Appalachian State Mountaineers
- Title: Cornerbacks coach

Personal information
- Born: July 25, 1978 (age 48) Fort Worth, Texas, U.S.
- Listed height: 5 ft 10 in (1.78 m)
- Listed weight: 191 lb (87 kg)

Career information
- High school: Fort Worth Christian
- College: TCU
- NFL draft: 2001: 4th round, 127th overall pick

Career history

Playing
- Seattle Seahawks (2001–2002); Green Bay Packers (2003–2004); Carolina Panthers (2004);

Coaching
- Oakland Raiders (2007) (Asst spt); Green Bay Packers (2009–2010) (Asst spt / Def asst); Tennessee Titans (2011) (Asst DB); Carolina Panthers (2013–2017) (Asst DB / Asst spt / DB coach); Arizona Cardinals (2018) (Def asst LB/DB's); Myers Park High School (2019) (DB coach Charlotte, NC); Myers Park High School (2020) (DC Charlotte, NC); Myers Park High School (2021) (Head coach Charlotte, NC); Houston Texans (2022) (Minority intern); Texas A&M-Commerce (2022) (Safeties coach); Coastal Carolina University (2023–2024) (Cornerbacks coach); Appalachian State University (2025–present) (Defensive Pass Game Coordinator/Defensive Backs);

Career NFL statistics
- Tackles: 61
- Interceptions: 1
- INT yards: 3
- Stats at Pro Football Reference

= Curtis Fuller (American football) =

American football player and coach (born 1978)

Curtis Lee Fuller (born July 25, 1978) is an American former professional football player who was a safety in the National Football League (NFL).

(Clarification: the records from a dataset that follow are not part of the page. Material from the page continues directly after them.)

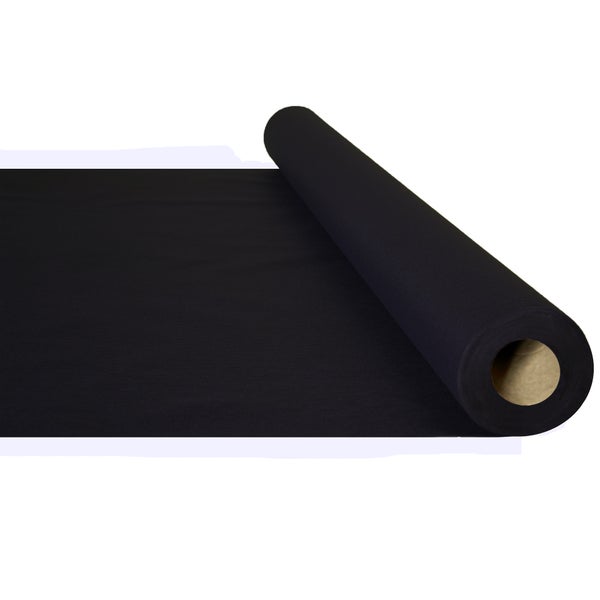 BioHelfer Unkrautvlies, Gartenvlies - Anthrazit/Schwarz, 1m x 25m - 150g/m²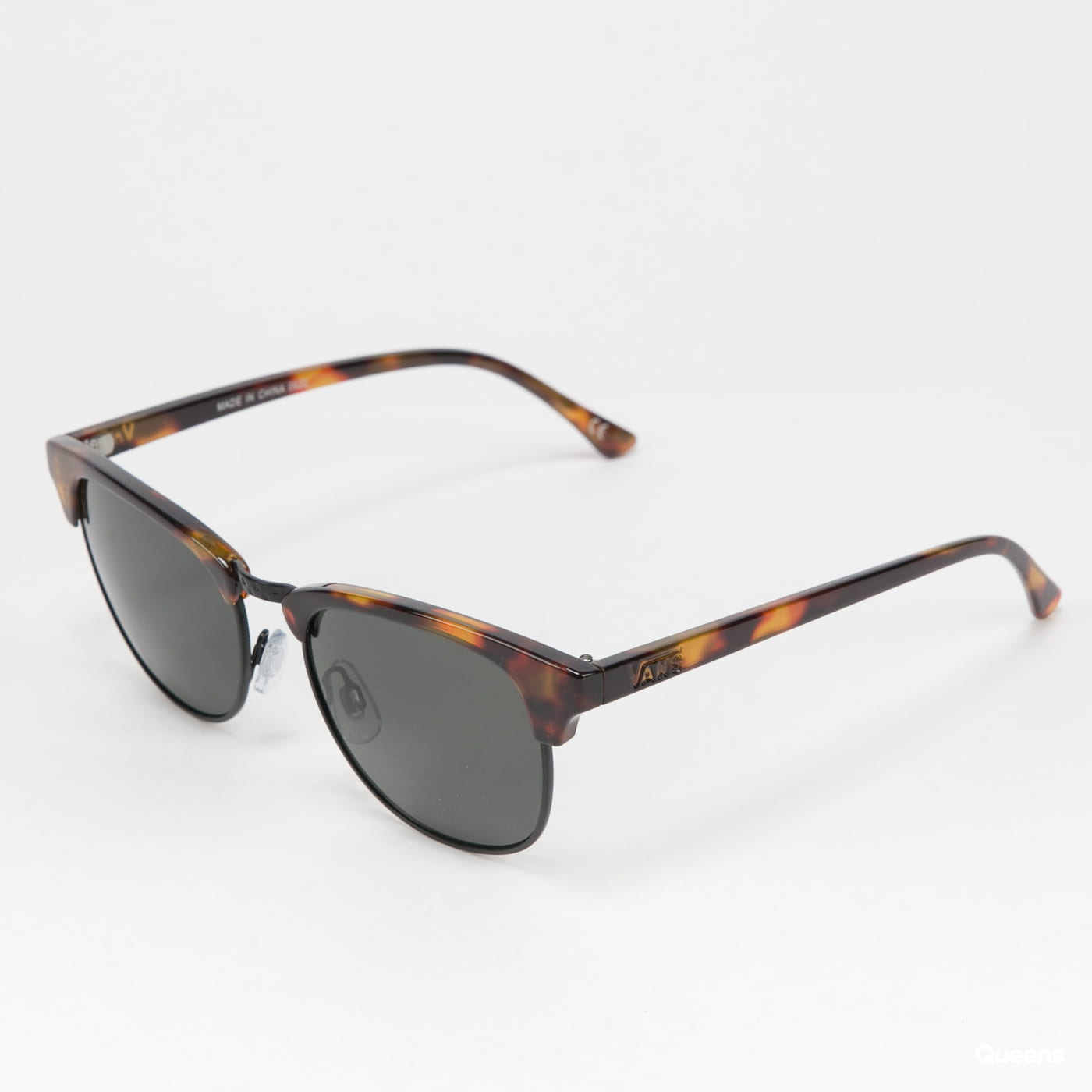 Solbriller Vans Dunville Shades Cheetah Tortois Brun | VN0A3HIQPA91, 1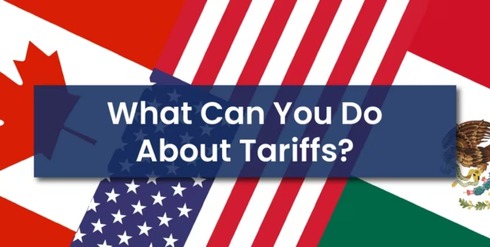 What Can You Do About Tariffs?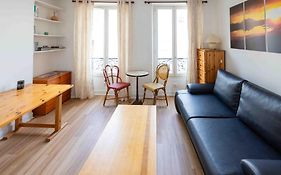 Well Located Apartment In Paris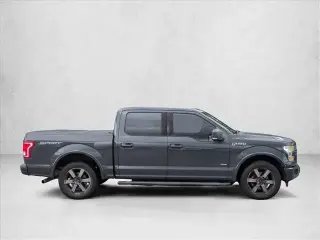Ford F-150 2016 4x2 XLT 4dr SuperCrew 5.5 ft. SB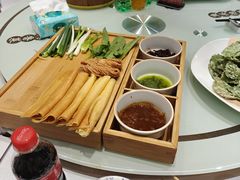 -老德州四合院·德州菜(天衢路店)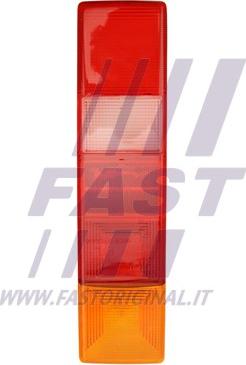 Fast FT86015 — Szkło lampy, lampa tylna zespolona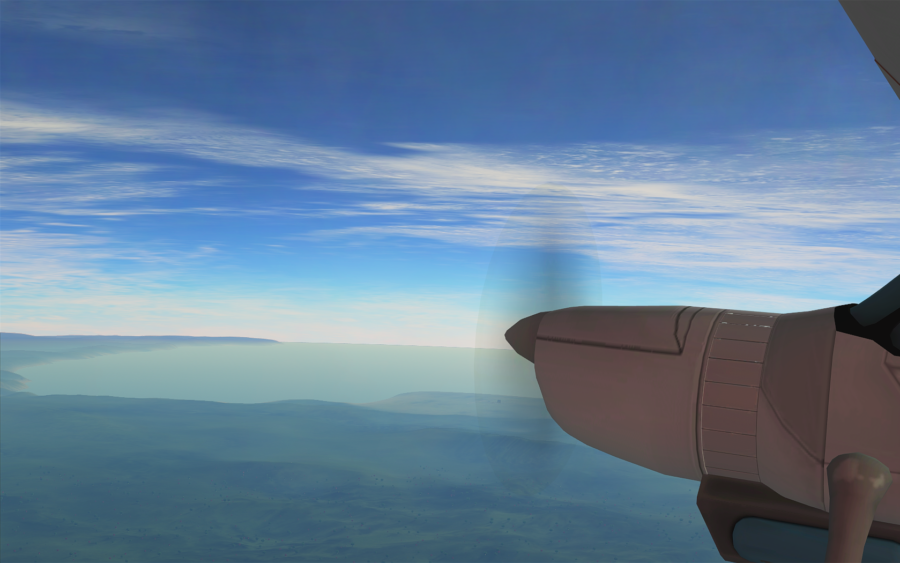 West of KSC (6/5/17)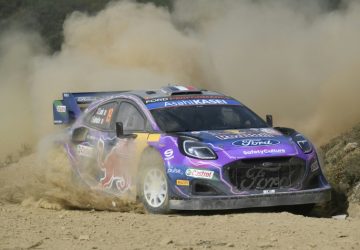 WRC Ogier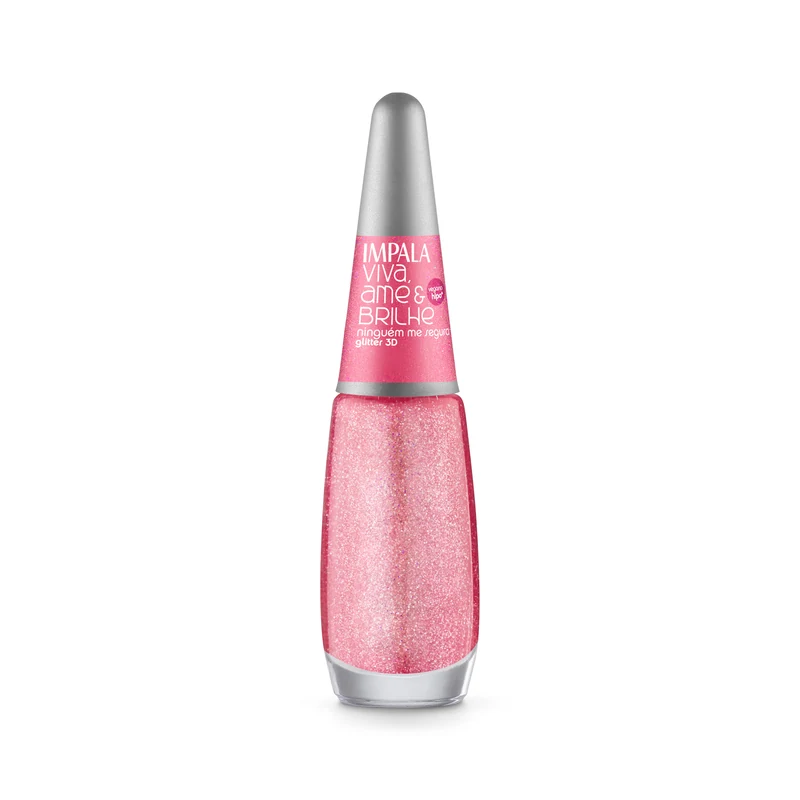 ESM IMPALA GLITTER NINGUEM ME SEGURA 939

He was selected by the Seattle Seahawks in the fourth round of the 2001 NFL draft.

He played college football for the TCU Horned Frogs. He played safety. Fuller wore the number 18 and appeared in 32 total games during his time at TCU between the seasons of 1998 till 2000. He made 243 tackles and 3 interceptions during his time at TCU. During the 2000 season TCU ranked #2 in total ranked defensive and #1 in takeaways. During that time he was the president of Fellowship of Christian Athletes. He also played for a season at TJC during 1996-1997 before committing to TCU in 1998.

Fuller went on to play for the Green Bay Packers and Carolina Panthers. He was a scout for the Dallas Cowboys before launching his NFL coaching career. Fuller served as assistant coach for the Oakland Raiders, Green Bay Packers, Tennessee Titans, Carolina Panthers, and the Arizona Cardinals.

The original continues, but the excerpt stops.